Erkan Oğur... Sesi de duruşu da hüzünlü... Belki de bu yüzden “İnsan olmanın hüznünü seslendiriyoruz” diyor. Erkan Oğur, fotoğraf çekimi sırasında zorlanıyor. Çünkü elinde enstrüman olmayınca kendini rahat hissetmiyormuş. Hatta kendine güveni bile azalıyormuş. Sakin ve kısık bir ses tonuyla konuşan Erkan Oğur’a baktığınız zaman sanki hep derin bir düşüncenin içindeymiş gibi bir izlenim ediniyorsunuz. Ara ara esprileri ile sohbeti bölmeyi de ihmal etmiyor ama. Erkan Oğur ve İsmail Hakkı Demircioğlu ile Beyoğlu’ndaki Mephisto’da buluşuyorum. Kalan Müzik’ten çıkan “Bilinmeyenle Karşılaşmak” albümünün imza gününden sonra üst katta sohbet ediyoruz.

-Her zamanki tınılarınızla devam ediyorsunuz bu albümde de. Öncelikle tınılarınızı tanımlamaya çalışsak?

İsmail Hakkı Demircioğlu: Belki aranjmandan kaynaklı olabilir. Biz aslında türkü söylüyoruz. Tanımlama açısından hiç düşünmemiştim ama Erkan’ın aranjman anlayışı ve Erkan’ın perdesiz gitarının yarattığı tınıdan kaynaklı tanımlamak zor çünkü bugüne kadar yapılan bir şey değil. Birimiz bas birimiz tiz söylüyor. Böyle söyleyen yoktu. Genelde aynı tonda olanlar beraber söylüyordu.

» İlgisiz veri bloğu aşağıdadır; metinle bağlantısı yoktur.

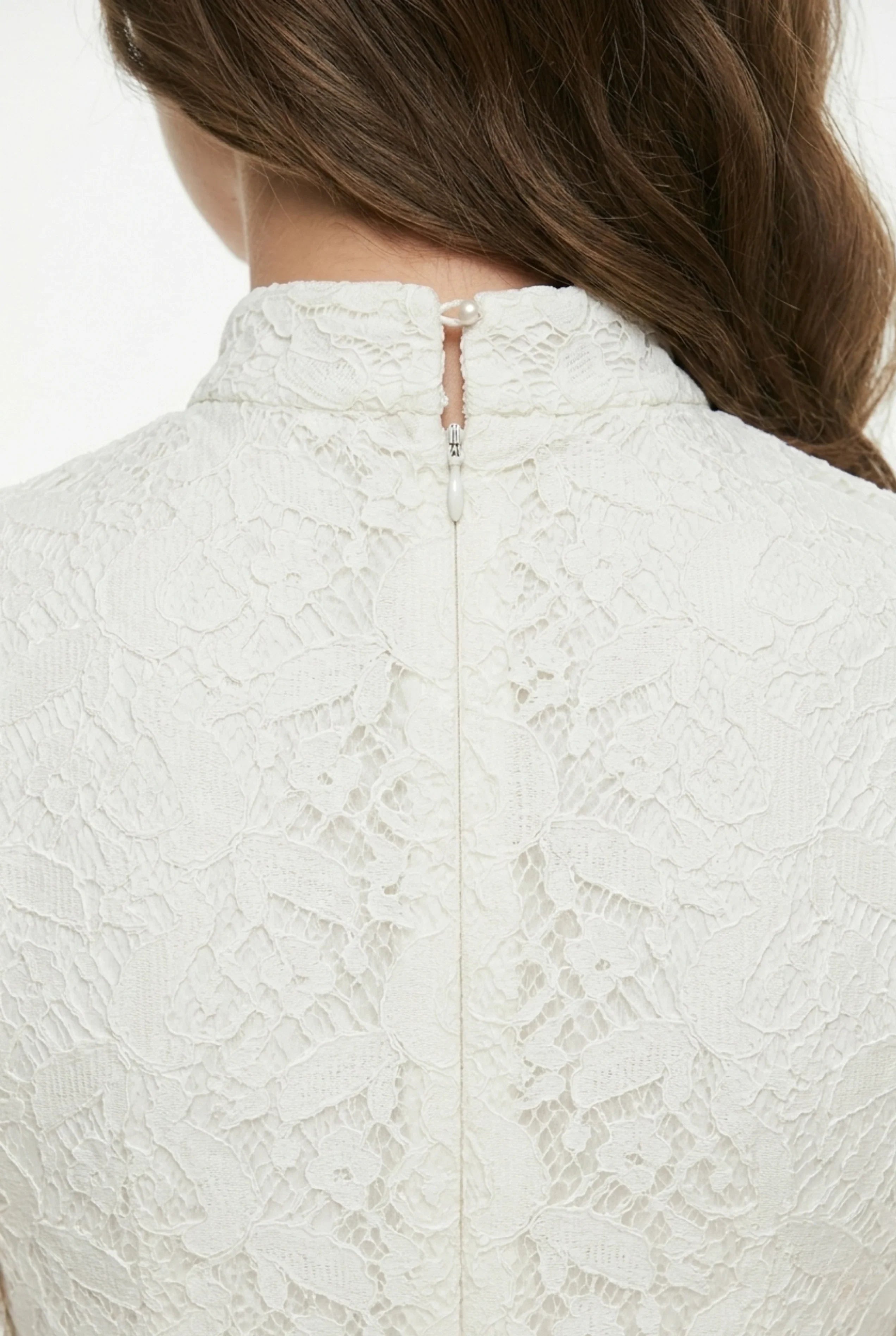Close-up of the back neck and invisible zipper on a white lace cheongsam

Erkan Oğur: Kendi tınılarımızla, yaklaşımlarımızla devam ediyoruz. Seçilen repertuvar, içerik, makam yapısı, kullanılan estrümanların oluşturduğu bir renk var. Onların hepsinin oluşturduğu bir renk var. O tını genelde hüzünlü bir tını, zaten içeriğe bakarsak eğlenceli, neşeli şeyler olduğunu söyleyemeyiz. İnsan olmanın hüznünü seslendiriyoruz.

-Hüznü mü seviyorsunuz yoksa kendinizi hep bir hüznün içinde mi buluyorsunuz?

E.O: Kendimizi hep hüznün içinde buluyoruz. Gözümüzü açtığımızda hüzünlü görüyoruz dünyayı.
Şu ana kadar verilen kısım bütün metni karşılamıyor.